Il reste vraiment très peu de temps pour ce choix que les « à-quoi-bonistes » et autres cyniques ont déjà fait, ils attendent, voire appellent la marée, persuadés d’être épargnés par ce mouvement de chasse.
Plus discrètement, les élections législatives tenues le même jour en France et en Belgique ont connu plusieurs précédents pour l’objection de croissance. Une tribune pour un signal et un espoir. En moins d’un mois, sans avoir vraiment les moyens de mener campagne, avec un effectif incomplet, nous avons dépassé les suffrages de nombreuses listes dans plusieurs cantons. Preuve en est que les idées ont compté et qu’une conscience a pu s’exprimer.
Votre point de vue peut-être entendu dans une société développée, comme la notre, qui a, en grande partie, relevé les défis de la survie pour l’ensemble de ses membres, mais il risque de se voir rejeté d’emblée au sein des sociétés économiquement plus faibles, où des pans entiers de la population vivent en dessous du seuil de pauvreté...
Le développement, ça commence par une route qui ouvrira la voie à tous les démons de la modernité. Avant même de parler développement, on pourrait déjà parler d’une redistribution plus équitable, de l’annulation de la dette du tiers-monde, du respect des autres modes de vie.
Il faut un autre rythme au monde. Il n’est pas pour autant question d’abandonner des groupes humains en détresse à leur sort. Un moratoire sur le développement ne correspond pas à un démantèlement de tous les développements.
Il ne faut pas confondre les situations de crise, de famine, de guerre avec des modes de vie en adéquation avec leur environnement, qui éprouvé depuis des générations sont pérennes avec moins d’un dollars ou deux par jour, critère qui les associent abusivement au seuil de pauvreté.
Que proposez-vous et en synthèse et que faites-vous pour y arriver ?
Il y a un champ qui s’ouvre pour le peuplement de l’imaginaire de l’après-croissance. Celui-ci semble heureusement refleurir dans les consciences, chez les créatifs culturels, parmi les mouvements associatifs et collectifs, un peu partout et sous toutes les formes, en premier s’y apparentent la consommation locale et paysanne, l’économie sociale, les mouvements cyclistes, anti-pub, anti-consumméristes, etc. Ils apportent un peu d’éclaircies dans les perspectives.
Dans un premier temps il faut inspirer une nouvelle éthique de la consommation mais ne pas tarder à la réguler et soutenir une sortie rapide des énergies fossiles.
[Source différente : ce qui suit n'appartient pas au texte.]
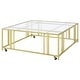 preview thumbnail 24 of 24, Adri Rectangular Glass Top Metal Frame Coffee Table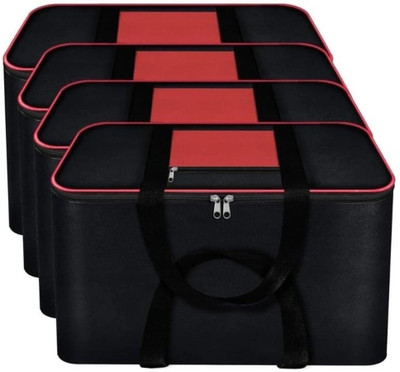 uhi Moisture Proof Nylon Rectangular Underbed Storage Bag For Multi Purpose Use Foldable, Blanket Storage Bag, Cloth Storage Organizer, Blanket Cover with Handles (Set of 4)(Black mix Red)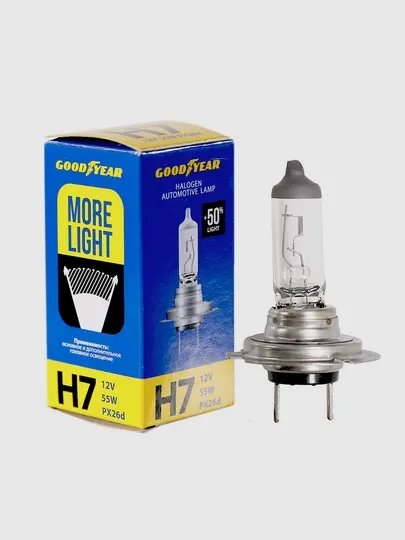 Лампы для автомобиля галогенная Каптива, Нексия 2, Эпика Goodyear Н7 12V 55W More Light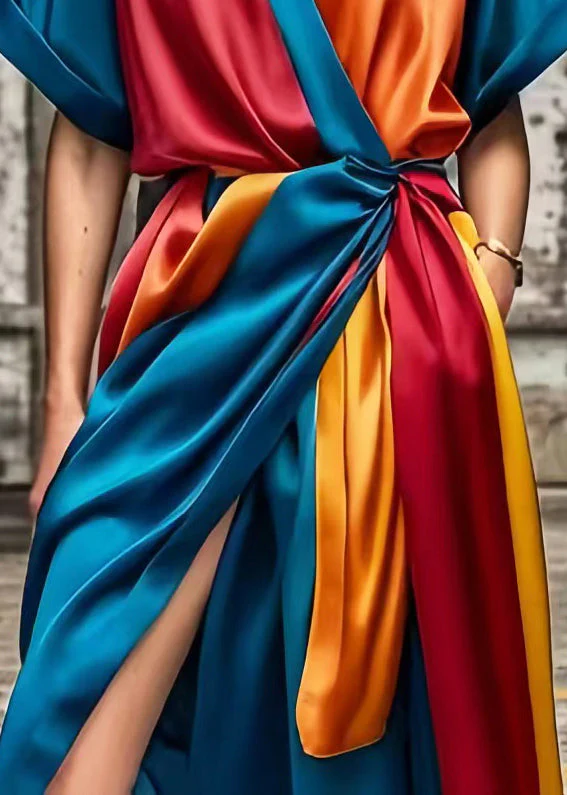 Navy Patchwork Silk Holiday Dress Cinched Side Open Summer - Image 5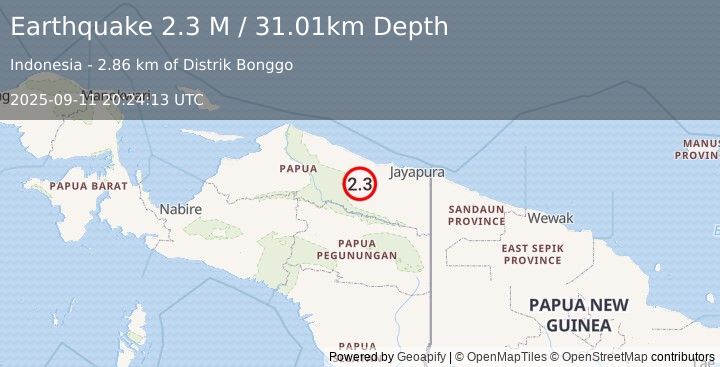 Earthquake Near North Coast of West Papua (2.3 M) (2025-09-11 20:24:13 UTC)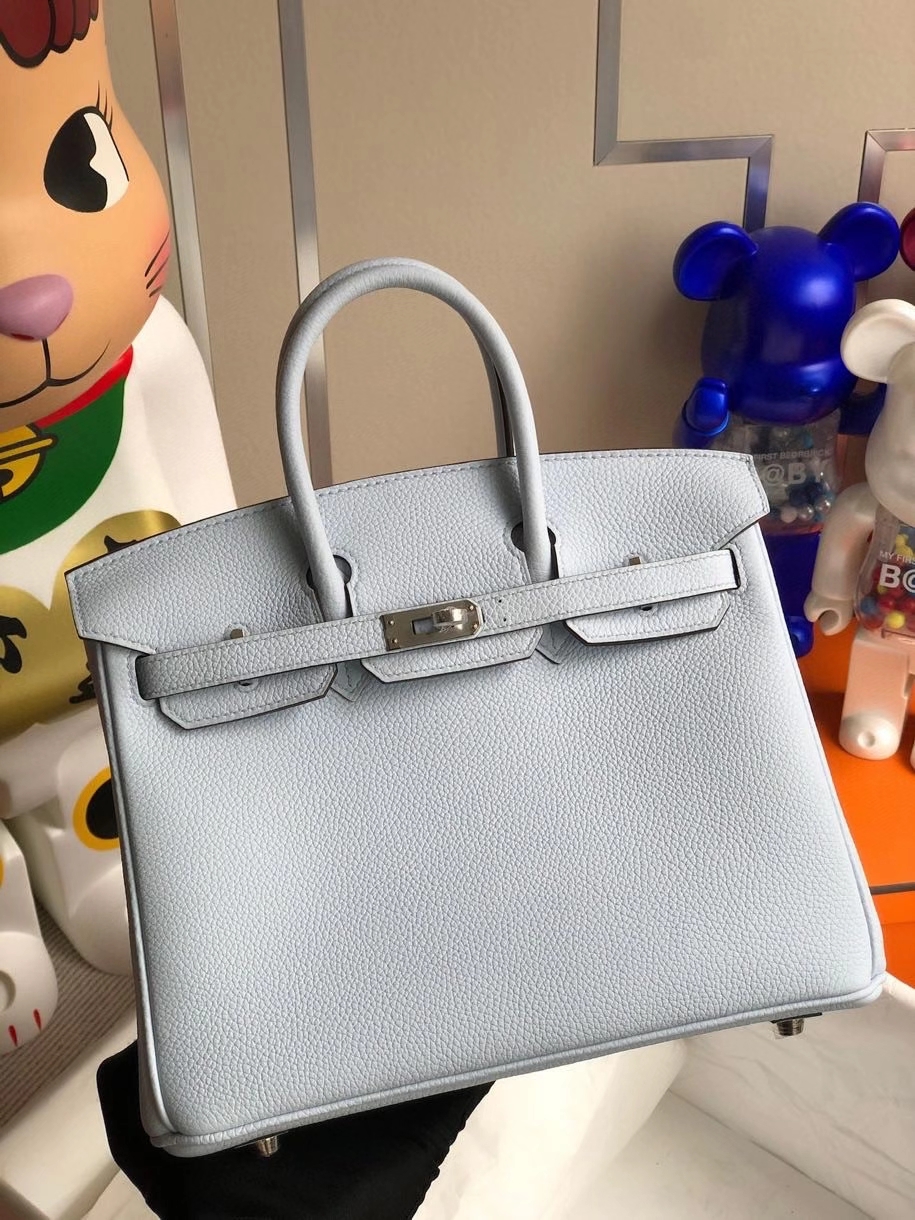 Hermès（爱马仕）Birkin 25cm 原厂小牛皮 togo T0 雾蓝色 银扣 顶级手缝 现货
La consommation responsable passe d’abord par une consommation locale.
De très nombreuses personnes n’ont jamais pris l’avion, et pas mal d’entre elles n’ont même pas de GSM, ni même de connexion électronique. Pourtant ils ne se préoccupent pas de savoir s’ils sont objecteurs de croissance.
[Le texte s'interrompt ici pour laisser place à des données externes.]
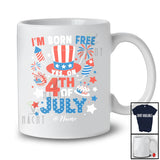 Personalized Custom Name Born Free On 4th Of July; Joyful Birthday Uncle Sam Patriotic Hat T-Shirt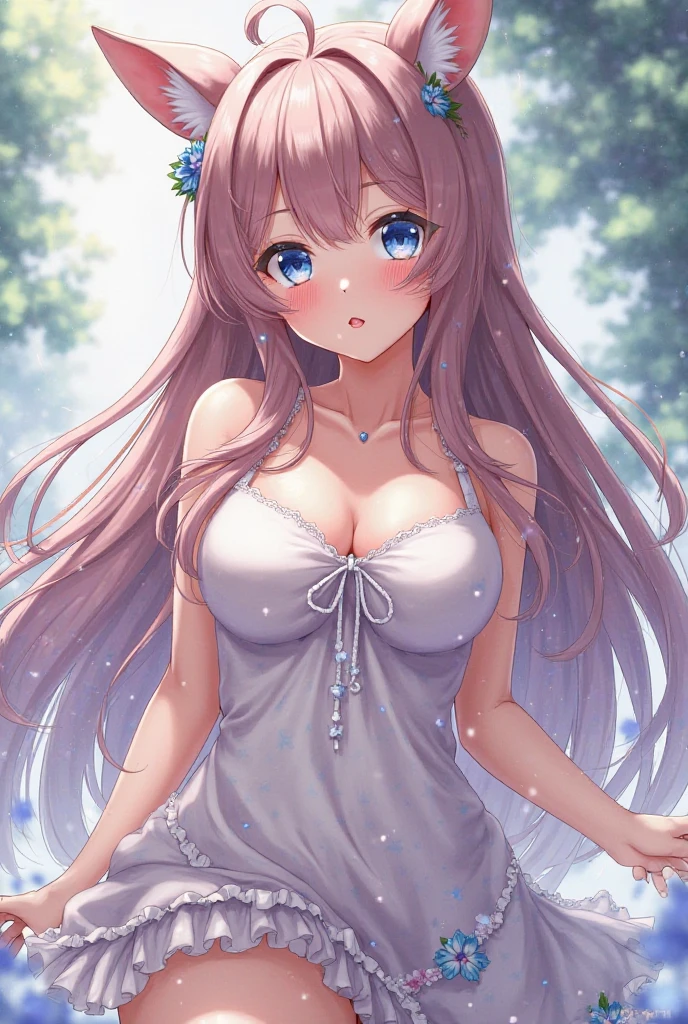 Solo, Long Hair, Smile, Blue eyes, 1girl, High Resolution, Blush, Large breasts, From Side, Wide Shot, Jewelry, Anime, 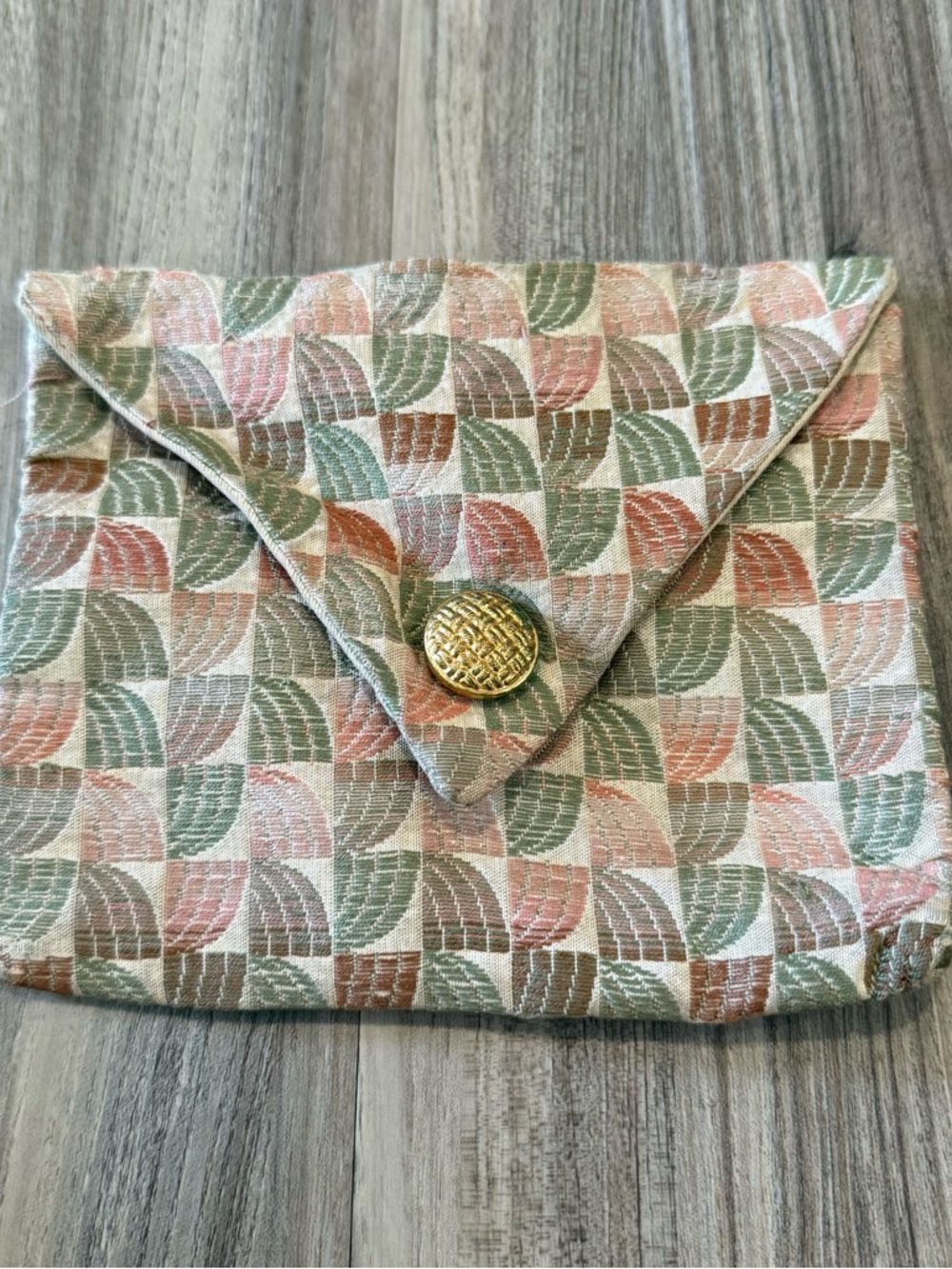Vintage Geometric Pastel Woven Envelope Clutch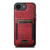 iPhone 17e / 16e Suteni H17 Oil Eax Leather MagSafe Detachable Wallet Phone Case - Red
Nous appelons à la renaissance du local par la relocalisation massive des activités, de notre alimentation, et de la consommation en général. Résoudre les nuisances du commerce international et s’affranchir des technologies qui nous empoisonnent insensiblement à l’instar de la grenouille qui se laisse surprendre dans la casserole du film d’Al Gore.
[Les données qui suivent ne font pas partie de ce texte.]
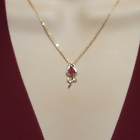 18K Gold Plated Woman Jewelry Rose Flower with pink crystal Pendant Necklace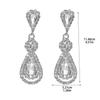 Machika - Pendientes largos de gota de agua de alta gama, exquisitos, de moda, con brillantes diamantes de imitación, elegantes y modernos.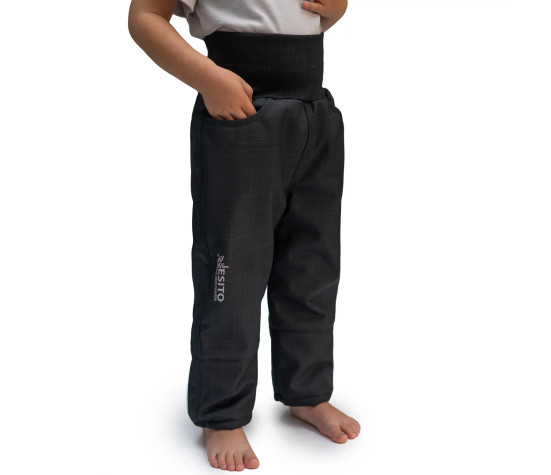 ESITO | Dětské softshellové oteplovačky na zimu Lamb Black - černá / 86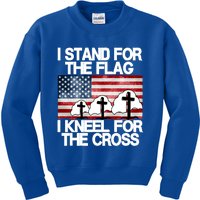 I Stand For The Flag I Kneel For The Cross Usa Patriotic Great Gift Kids Sweatshirt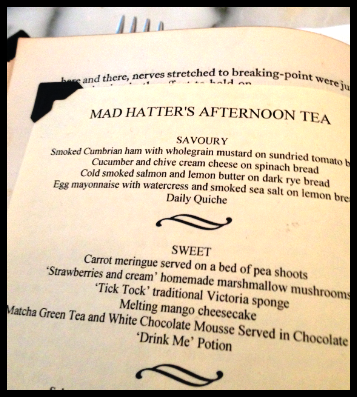 Mad Hatter's Menu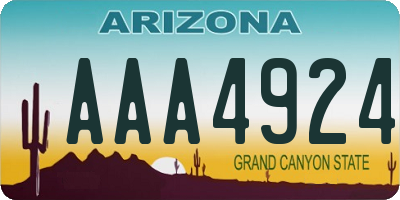 AZ license plate AAA4924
Les réseaux d’économie sociale et les petites entreprises peuvent organiser la récupération, la réutilisation et l’entretien de toutes sortes d’objets de consommation courante (vêtements, outillage, mobilier, vélo). Les liens de la communauté retrouvée et une inventivité décloisonnée feront le reste.
À la recherche de l’équilibre, pour partager et prendre le temps de la réflexion, les personnes interessées peuvent s’organiser dans de nombreuses associations ou plus ponctuellement ont pris le temps de la rencontre lors de la Démarche de l’après-croissance en juillet et août entre Maubeuge et Liège, qui a précèdé les troisièmes Etats généraux de la décroissance équitable du fin août à Royère de Vassivière, près de Limoges, en France.